Pretty straight forward to get started.
mkdir data
pip install -r requirements.txt
python3 dl.py
This will then pull prices for Symbols in symbols.lst
, calculate the biggest consecutive loss over the last 365 days and the save it to data/YYYY-MM-DD_SYMBOL.json
. The JSON Files are more like of a "state" keeping mechanism (because this was originally running in AWS Batch with Spot EC2), where the can terminate your instance. The way I built it, it should be fault tolerant for these kind of interruptions, on restart it would just keep going.
If you want to add or remove symbols you just edit the symbols.lst
.
Before I refactored Bearbot, it was running on a t4g.small in ca-central-1 (0,0184 USD/hour,2vCPU, 2 GiB RAM) and built with Django an SQLite. That`s about $14 a month. I chose their Gravitron instances, because I love their performance and evironmental impact, that is also why I host my compute in Canada 🇨🇦, the ca-centra-1 zone is apparently being powered 99.5% by Hydropower. I am just assuming by that fact alone that it must be one of their most sustainable zones (sadly aws does not supply that sort of data per zone).

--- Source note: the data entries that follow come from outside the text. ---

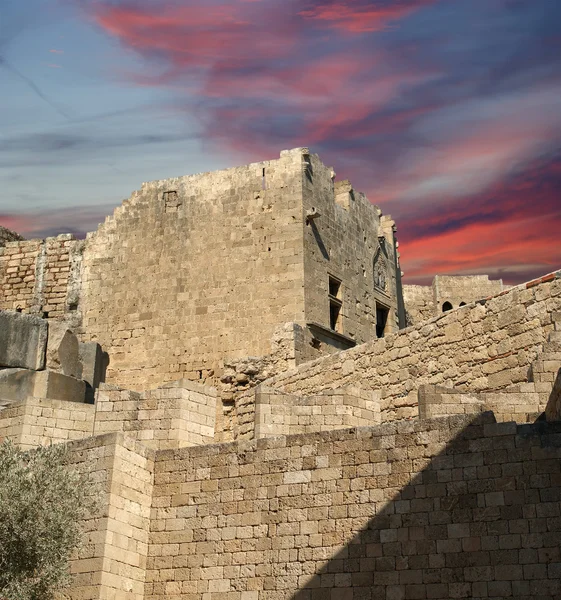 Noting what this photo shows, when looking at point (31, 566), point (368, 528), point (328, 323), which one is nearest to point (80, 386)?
point (328, 323)

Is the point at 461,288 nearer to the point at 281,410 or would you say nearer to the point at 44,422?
the point at 281,410

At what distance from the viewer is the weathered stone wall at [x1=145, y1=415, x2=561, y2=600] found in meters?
12.3

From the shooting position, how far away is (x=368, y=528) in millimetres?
13094

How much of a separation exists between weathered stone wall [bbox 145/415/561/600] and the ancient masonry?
0.02 meters

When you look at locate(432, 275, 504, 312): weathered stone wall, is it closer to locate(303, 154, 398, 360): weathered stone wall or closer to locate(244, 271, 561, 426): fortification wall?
locate(303, 154, 398, 360): weathered stone wall

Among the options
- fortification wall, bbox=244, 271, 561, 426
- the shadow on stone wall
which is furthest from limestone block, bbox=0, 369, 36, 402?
the shadow on stone wall

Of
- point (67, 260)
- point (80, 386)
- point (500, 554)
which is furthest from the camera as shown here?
point (67, 260)

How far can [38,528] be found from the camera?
1345cm

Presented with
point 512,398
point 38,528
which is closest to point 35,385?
point 38,528

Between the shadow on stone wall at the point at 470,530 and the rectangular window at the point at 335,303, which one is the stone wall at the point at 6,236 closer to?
the rectangular window at the point at 335,303

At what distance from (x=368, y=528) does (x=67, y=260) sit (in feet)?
50.0

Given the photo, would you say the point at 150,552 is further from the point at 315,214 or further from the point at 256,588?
the point at 315,214

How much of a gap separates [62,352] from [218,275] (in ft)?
15.8

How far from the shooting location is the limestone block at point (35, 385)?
779 inches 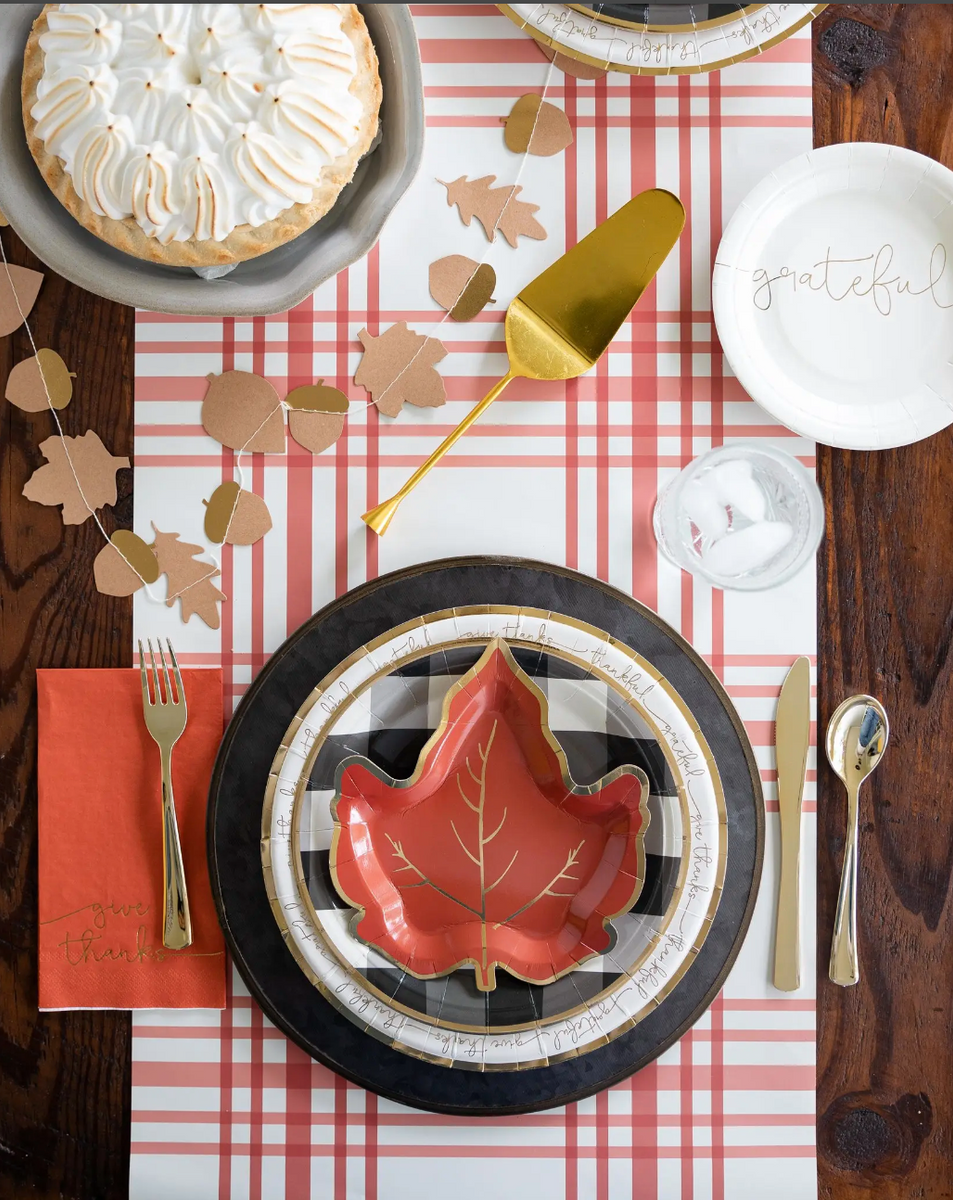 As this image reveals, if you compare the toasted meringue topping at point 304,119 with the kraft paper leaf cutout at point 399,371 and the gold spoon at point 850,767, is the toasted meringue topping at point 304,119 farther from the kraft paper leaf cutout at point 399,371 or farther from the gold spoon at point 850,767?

You see the simplicity of this App. Would you pay $14 a month for it? Nope. I was looking for a cheaper way and started refactoring for AWS Batch + S3. I figured I cloud use some Spot EC2 for compute, run my script and save to S3 where I also planned on hosting. It worked so far as well, hence dl.py
was built for interruptabillity.
I then thought, wait a minute GitHub is carbon neutral as well, and I could do this with GitHub Pages and GitHub Actions for absolutely free. Here we are.